Challenges for the livestock sector highlighted
Livestock farmers are facing an uphill struggle to achieve positive margins when selling finished animals, according to latest figures from Quality Meat Scotland’s (QMS) economics services team.
According to QMS, livestock producers continue to face declines in farmgate prices for their finished animals. “The most marked year-on-year shortfall is in the pig sector where prices are trailing last year by 16%, but beef prices also trail last year,” said Stuart Ashworth, head of economics services at QMS.
“While it has to be recognised that some input costs have fallen, they have not fallen fast enough to allow many livestock farmers, and pig producers in particular, to maintain their margins.”
It is only natural for livestock growth rates to feel the effects of several factors; this can range from climate variation to genetic capability. As an example, Ashworth highlighted that a period of wet or cold weather requires an animal to eat more feed to keep its frame before growing, thereby reducing the benefit of falling animal feed prices.
“Improving or maximising the existing genetic capability of livestock is not a fast win,” added Ashworth. “At one level it requires investment in animal science research and at the other a willingness and capital resource from producers to invest. Without a sufficient margin it is difficult to finance the investments needed to continue to drive efficiency into any business.”
Excessive price volatility can result in livestock producers facing difficulty in planning and investing in their businesses, which may derail existing investment plans, said Ashworth. There are several factors driving price volatility, although it is ultimately driven by the balance between supply and demand at a global level.
“Supply can be affected by climate and one example of this is the impact of droughts in the United States over the past two years. These led to significant declines in cattle numbers along with price increases which pushed US cattle prices to some of the highest in the world. As things return to a more normal situation, beef production has increased and US cattle prices have fallen by around one-quarter in the past six months.”
Supply can also be impacted by trade restrictions. Scottish lamb prices collapsed in 2007 when trade with Europe ceased in light of the last foot and mouth disease outbreak, which left increased volumes on the home market.
In more recent times, Russian restrictions on trade have destabilised the European pig market, which has led to a need to find alternative markets, in some instances at lower prices. In the short term, this has resulted in increased volumes of pigmeat on the European market, driving producer prices down.
However, looking to the future, there are opportunities for the European market to open up to increased imports of meat. One such measure is the free trade talks with South American trading block Mercosur, the US, New Zealand and Australia. According to Ashworth, these have the potential to add even greater volatility to farmgate prices but do little to increase EU and UK access to growing consumer markets.
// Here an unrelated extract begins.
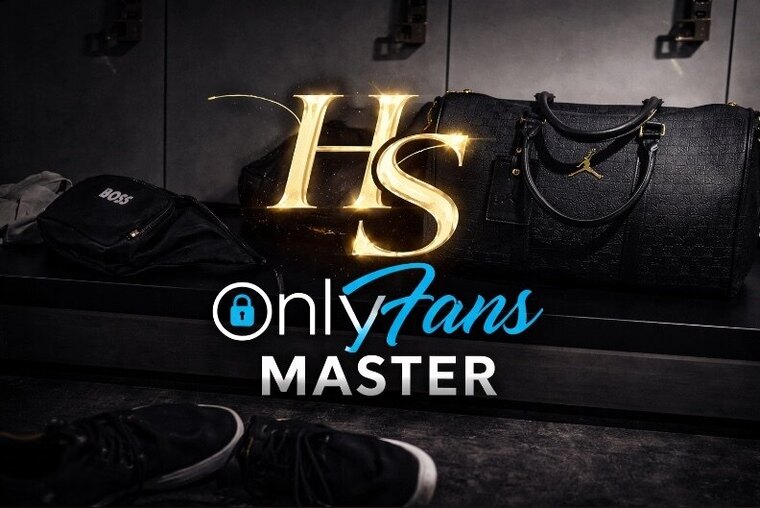 HaydenSpears cover image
“On the other side of the equation sits demand,” he commented. “While a growing work population is seen as a driver for increased consumption of meat, offsetting this is the level of income, as illustrated by the slowdown in China’s economic growth, where demand may remain but prices paid have to dip. Demand if also fickle in respect of dietary fashions, food-related health scares, lifestyle changes and environmental and animal welfare messages.”
Ashworth also said that producers can only respond to this volatility by delivering a product that meets the demands of the marketplace in respect of quality, provenance and product promotion.
“Generally price volatility moves quicker than the animal rearing process, meaning that prices received at the end of the rearing period can be very different from the expectation when the breeding and rearing process began.
“Consequently, measures to maximise the efficiency of the production process may offer the best risk management tool. To do this will often require investment and without profit to reinvest or investment support, the funding for investment in production efficiency will be held back.”